Diyeceğim, Haluk Bilginer’in Aşkın Nur Yengi’ye sahne yasağı koyduğuna inanmıyorum...

Öyle bir eğilimi olsa Zuhal Olcay’a da yapardı aynı şeyi.

Aksi halde durum, iki ucu pislikli değnek. Ya Zuhal Olcay’ı kadın yerine koymuyordu, ya da Aşkın Nur Yengi’yi hakiki sanatçı saymıyor.

Ki ikisi de olamaz. Katiyen konduramam.

Netice olarak ne Haluk Bilginer’e bu yasağı getirecek zihniyeti, ne de Aşkın Nur Yengi’ye bu durumu kabulü yakıştırırım.

Bizim medyanın uydurması olmasına razıyım. Biz inandırıcılığımızı kaybedelim; yeter ki iki değerli sanatçı, çıktıkları yerlerden, sıradan kadın-erkeklere araba yolu yaratacak çağdışı davranışlara küt diye inmesinler.

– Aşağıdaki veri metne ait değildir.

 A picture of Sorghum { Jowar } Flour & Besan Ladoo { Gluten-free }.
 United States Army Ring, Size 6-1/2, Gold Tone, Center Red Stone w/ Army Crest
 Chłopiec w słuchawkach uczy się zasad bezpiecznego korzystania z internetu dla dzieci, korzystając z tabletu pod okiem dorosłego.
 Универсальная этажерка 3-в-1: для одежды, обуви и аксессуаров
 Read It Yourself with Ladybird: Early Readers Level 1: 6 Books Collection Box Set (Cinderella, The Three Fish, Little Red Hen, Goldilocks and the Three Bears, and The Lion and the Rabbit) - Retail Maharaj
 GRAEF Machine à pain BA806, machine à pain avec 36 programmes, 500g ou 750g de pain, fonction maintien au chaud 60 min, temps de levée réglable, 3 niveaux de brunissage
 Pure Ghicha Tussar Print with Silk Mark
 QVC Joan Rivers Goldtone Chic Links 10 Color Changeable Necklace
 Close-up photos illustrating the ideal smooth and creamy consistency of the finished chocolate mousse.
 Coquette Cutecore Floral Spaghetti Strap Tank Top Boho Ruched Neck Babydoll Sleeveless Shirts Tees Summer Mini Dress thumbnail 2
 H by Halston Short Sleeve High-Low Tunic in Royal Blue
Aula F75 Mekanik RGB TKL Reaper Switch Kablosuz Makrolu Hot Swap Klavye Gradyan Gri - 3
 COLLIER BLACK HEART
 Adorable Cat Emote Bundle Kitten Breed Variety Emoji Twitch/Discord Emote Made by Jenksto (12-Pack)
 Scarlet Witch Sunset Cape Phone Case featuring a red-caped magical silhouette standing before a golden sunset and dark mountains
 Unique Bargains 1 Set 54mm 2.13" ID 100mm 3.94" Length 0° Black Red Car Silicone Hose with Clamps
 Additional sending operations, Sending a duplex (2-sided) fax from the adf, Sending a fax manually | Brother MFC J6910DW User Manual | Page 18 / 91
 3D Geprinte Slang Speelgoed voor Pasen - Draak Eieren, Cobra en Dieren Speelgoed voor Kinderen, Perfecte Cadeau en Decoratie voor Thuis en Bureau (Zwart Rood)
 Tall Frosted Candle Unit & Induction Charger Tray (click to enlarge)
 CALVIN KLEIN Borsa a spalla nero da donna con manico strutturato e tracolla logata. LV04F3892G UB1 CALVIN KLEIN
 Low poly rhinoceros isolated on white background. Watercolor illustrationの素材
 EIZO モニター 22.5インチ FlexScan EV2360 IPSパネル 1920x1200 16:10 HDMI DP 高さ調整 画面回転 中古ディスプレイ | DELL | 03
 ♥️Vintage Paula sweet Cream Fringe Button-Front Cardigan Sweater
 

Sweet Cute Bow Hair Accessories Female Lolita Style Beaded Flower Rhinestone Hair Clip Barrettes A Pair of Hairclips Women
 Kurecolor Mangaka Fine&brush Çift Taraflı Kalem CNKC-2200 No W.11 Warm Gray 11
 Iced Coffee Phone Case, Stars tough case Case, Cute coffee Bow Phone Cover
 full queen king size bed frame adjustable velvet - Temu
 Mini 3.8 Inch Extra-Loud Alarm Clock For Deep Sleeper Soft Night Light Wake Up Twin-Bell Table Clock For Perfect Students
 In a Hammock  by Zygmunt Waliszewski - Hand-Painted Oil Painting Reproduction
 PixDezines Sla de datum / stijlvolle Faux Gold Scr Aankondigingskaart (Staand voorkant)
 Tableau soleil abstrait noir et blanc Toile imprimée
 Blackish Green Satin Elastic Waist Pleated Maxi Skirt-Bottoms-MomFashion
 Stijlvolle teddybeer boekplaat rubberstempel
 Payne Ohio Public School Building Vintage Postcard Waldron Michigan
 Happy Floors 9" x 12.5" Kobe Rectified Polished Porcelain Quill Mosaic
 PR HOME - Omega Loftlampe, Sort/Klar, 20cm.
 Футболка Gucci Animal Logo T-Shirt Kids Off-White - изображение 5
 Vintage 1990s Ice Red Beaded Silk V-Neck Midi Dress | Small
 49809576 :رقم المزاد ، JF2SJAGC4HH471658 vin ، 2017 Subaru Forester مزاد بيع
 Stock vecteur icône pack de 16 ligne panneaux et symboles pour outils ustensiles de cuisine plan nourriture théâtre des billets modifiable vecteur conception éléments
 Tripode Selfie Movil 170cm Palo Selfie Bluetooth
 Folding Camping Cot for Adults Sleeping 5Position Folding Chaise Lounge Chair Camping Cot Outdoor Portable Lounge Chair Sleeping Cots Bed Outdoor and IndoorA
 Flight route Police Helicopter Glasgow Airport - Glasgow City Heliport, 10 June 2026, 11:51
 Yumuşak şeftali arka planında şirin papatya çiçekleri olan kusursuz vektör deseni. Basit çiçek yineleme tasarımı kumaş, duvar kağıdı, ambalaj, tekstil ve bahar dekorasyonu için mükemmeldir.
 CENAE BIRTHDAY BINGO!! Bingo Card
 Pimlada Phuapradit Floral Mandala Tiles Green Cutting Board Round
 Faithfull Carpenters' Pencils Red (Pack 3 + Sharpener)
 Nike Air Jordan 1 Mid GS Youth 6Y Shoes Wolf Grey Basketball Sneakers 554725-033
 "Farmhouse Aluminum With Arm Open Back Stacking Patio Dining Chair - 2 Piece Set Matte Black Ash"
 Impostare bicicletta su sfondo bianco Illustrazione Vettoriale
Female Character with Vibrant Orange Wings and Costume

Bu ne aşk dedikodusuna benzer ne başka şeye... Onların yerinde olsam bu iddiaları çok ciddiye alır, çıkar bir açıklama yaparım.

Gerçi söz konusu konserle yalanlamış sayılırlar ama, bir gün bile aralarında ‘yasak’ kelimesinin geçmediğini duymak isterim doğrusu. Hem bir kadın, hem de şarkı söyleyen biri olarak.

*

Ha şu da var tabii. Aşk bazen her şeyden vazgeçtirir insanı. Tahtını bırakanlar bile oldu. Ama ortada iki kişinin inisiyatifi dışında konmuş kurallar vardır; elinizin tersiyle itersiniz o kuralları, aşkı seçersiniz, herkes de alkışlar sizi... Bu başka bir şey.

Şunu söyleyeyim, Sezen Aksu hayatındaki erkeğe göre duruşunu değiştirdi mi hiç?.. Şarkı sözlerinden takip edebilirsiniz ancak duygularını. O kadar.

Ama Sibel Can gibi, duruma göre bir var bir yok olmayı seçtiyseniz bilmem. Gerçi o bile sonunda ‘Kararımı kendim veririm’ dedi. Bu vesileyle tebrik ediyorum kendisini.

Aşk geçer...

Sonra bir bakarsınız zaman da geçmiş.

Geçecek elbet.

Ama o arada kendinizden vazgeçmişseniz kötüdür. Çok kötü.

MIŞ-MUŞ

Müslüm Gürses metal söyleyecekmiş.

Esas hayranları kapısına gidip, ‘Yuvana dön baba!’ diye bağıracaklar yakında.

Demirel, ‘Özal Irak’a girdi de ben mi tuttum’ demiş.

Özlemişiz be!

Diyanet İşleri Başkanlığı ‘Evlatlıkla evlilik günah değil’ demiş.

Derdimiz buydu! Biri de çıkıp ayıp olmadığını söyledi mi tamamdır bu iş!